I am currently house sitting and caring for an elderly cat. Although over twelve years old, this gal is healthy. I don’t have to give her any medications or clean up any unseemly bodily emissions. Mostly she sleeps in a bed on top of a chest of drawers in the main bedroom.
My cat related chores are very few. I clean out the litter pan when it gets gross. I ensure her bowls contain water and dry food at all time. I give her wet food in the mornings and evenings, as she demands by standing in front of her bowls and meowing insistently. When she wants to go outside, I open a door for her. If I close the door behind her on the way out, I let her in again when she demands re-entrance. I make sure she is inside between dusk and dawn. Easy.
The other night, a couple of hours after dark, I peeked into the main bedroom to check on Madame. She was not in her bed! What? I thought I’d made sure she was in the house before I closed up all the doors. Had I really locked the cat out on a cold, damp night?
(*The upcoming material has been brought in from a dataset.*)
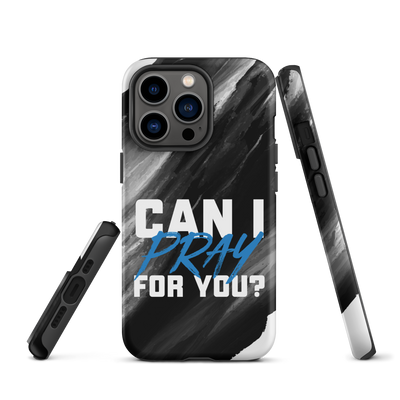 Can I Pray For You? Tough Case for iPhone®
I opened the back door, stepped out on the deck, and called the cat’s name. No response. I opened the front door, stepped out on the porch and called the cat’s name. No response. I ran back and forth a few times, calling her name and shouting, Here kitty kitty! No response. How had I managed to fail in this very simple task?
I thought maybe she was hiding in some other part of the house. She was not in the kitchen. She was not in the living room. She was not in the guest bedroom where I sleep, nor in the guest bath. I went into the office, not expecting her to be there, and turned on the light. There was Madame, curled up on the satellite TV receiver.
You heard me calling and just sat there? I asked her.
She didn’t even dignify my question with a response.
I’ve always heard cats are attached to places (houses) and dogs to people.
And yes, Madame heard you calling but could not be bothered to answer — after all, she knew where she was (LOL). My own cat does this all the time.
Interesting about cats being attached to places and dogs to people. I had not heard that before.
Now I know all the places to look for Madame when I want to check up on her.
Thanks for reading and commenting, Maddie.
If you ever get to TX let me know. I can always use a house/pet sitter.
GREAT! THANKS!
And you can always let me know if you are looking for someone. The longer a job, the more likely I will be willing to travel to take it. Other factors that help me make a decision include time of year, location of house, and amenities.
“And while love is important, feeding seems to be even more so. ”
It has been said that the way to a MAN’s heart is through his stomach. Why should dogs be any different? At least the dog is glad to see you when you get home, whereas the first words out of many men’s mouths is, “When will dinner be ready?” The dog may be thinking the same thing, but at least he/she isn’t saying it.